The latest firmware update for the Pioneer 51/05 players has been posted to the US site. We are up to 1.39, and it bears the distinction of being the only update so far that does not include a "Performance Enhancement" in the update description. Although the Pioneer site does not list any details, the below list was originally posted by Raniel-Atero over at AVS. Actually, this update addresses several specific issues related to BD playback stability:

Ver.1.39 (released on March 1, 2010)
Fixes the following issues.
- In certain BD title "2012", playback cannot be started with black screen.
- In certain BD title "Leon: The Professional", certain operations (chapter search, fast-forward and forward skip) cannot be done for chapter #23 or later.
- In certain BD title "GOEMON", out of synchronization with audio and video after searching chapters.
- In certain BD title "FLUTE MYSTERY", audio format cannot be changed by color (red/yellow) buttons after using "Audio" button, also audio format indication cannot be changed by color (red/yellow) buttons after using "Audio" button.
- In certain BD title "WORLDS GREATEST DAD" with no LAN connection, playback cannot be started with black screen.
- In certain BD title "Mutant Chronicles" with no LAN connection, playback cannot be started with black screen.
- In certain AVCHD discs, playback cannot be started.
- In certain DVD title "Schiller - Tagtraum", playback stops with message "Cannot be played".
- In certain self-made DVD, playback stops at certain points (15 seconds after stopping time counter displayed on front panel).
- In certain CD title "daniel barenboim MOZART piano trios" (double album), track #2 playback is automatically started after playing final track (track #9) of disc #1.
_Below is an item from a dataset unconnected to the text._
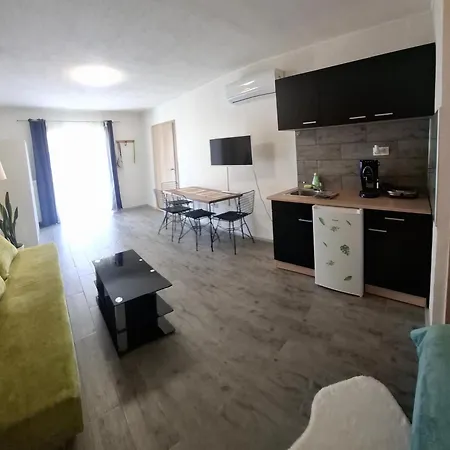 Apartment Lux Apartmanhaz Heviz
Sadly, this still did not fix the AVCHD problem with True24FPS encodings (as opposed to 23.976FPS)... Oh well, at least we are still getting updates (the glass is half full...)


----------



## Jungle Jack

Hello,
There is another new Firmware that is available from Pioneer Europe. It is 1.65 and allows the Playback of Avatar and also they state Performance Improvement.
Here is the link as it has not been released to the US Pioneer Website: http://www.pioneer.co.uk/uk/content/support/support/upgrade/BDP.html

I downloaded it this morning and Avatar playback perfectly. I believe without this update, the Disc will not play.
Cheers,
JJ


----------



## Vader

Thanx, Jungle Jack!

Pioneer actually broke with their traditional delay between the Euro FW and the US one (about two weeks), by posting the FW on their US site this afternoon. From what I understand, the US FW is 100% bit-for-bit identical to the Euro version anyway, but at least it is official now. So far, no one has posted any benefit other than enabling 'Avatar' to play, but only time will tell! Time to go watch me some Avatar (on my new plasma, no less...)


----------



## Vader

Hi all,

The latest firmware for the 51/05 players has been posted to the USA site (albeit you have to a little searching to find it; the player has been archived): v1.70. All that the change log states is that it improves the stability of BD-ROM playback, so take that as you will. At this point, I am inclined to believe that any updates we get will be for compatibility issues with specific titles.


----------



## Jungle Jack

Hello,
Nice. I have recently switched to a PC and will have to learn how to burn ISO Files as it could not be easier on my Macbook Pro.
Cheers,
JJ


----------



## Vader

For all of us diehards out there who have stuck with this player, the newest firmware (v1.71) has been posted to the Pioneer site. As before, the change description just says "Enhances stability of BD-ROM/DVD-Video playback". If only the player was in the state it is now on release, then it would be considered one of the best, all things (except loading speed) considered, at least by me. Onward to 1.72...!


----------



## Jungle Jack

Hello,
I still love these BDP's and they boast a much higher Build Quality and Parts then most BDP's currently out there.
Cheers,
JJ


----------



## Gugu

Hi all, 

1.71 had a lot of problems, regarding new BD releases, but finally 1.72 is out, which fixes all the problems with recent titles. Grab it from the usual place, it is a must if you are on 1.71 ! 

Regards: Gustav


----------



## HanaS

I have the 1.72 I like it alot!!!


----------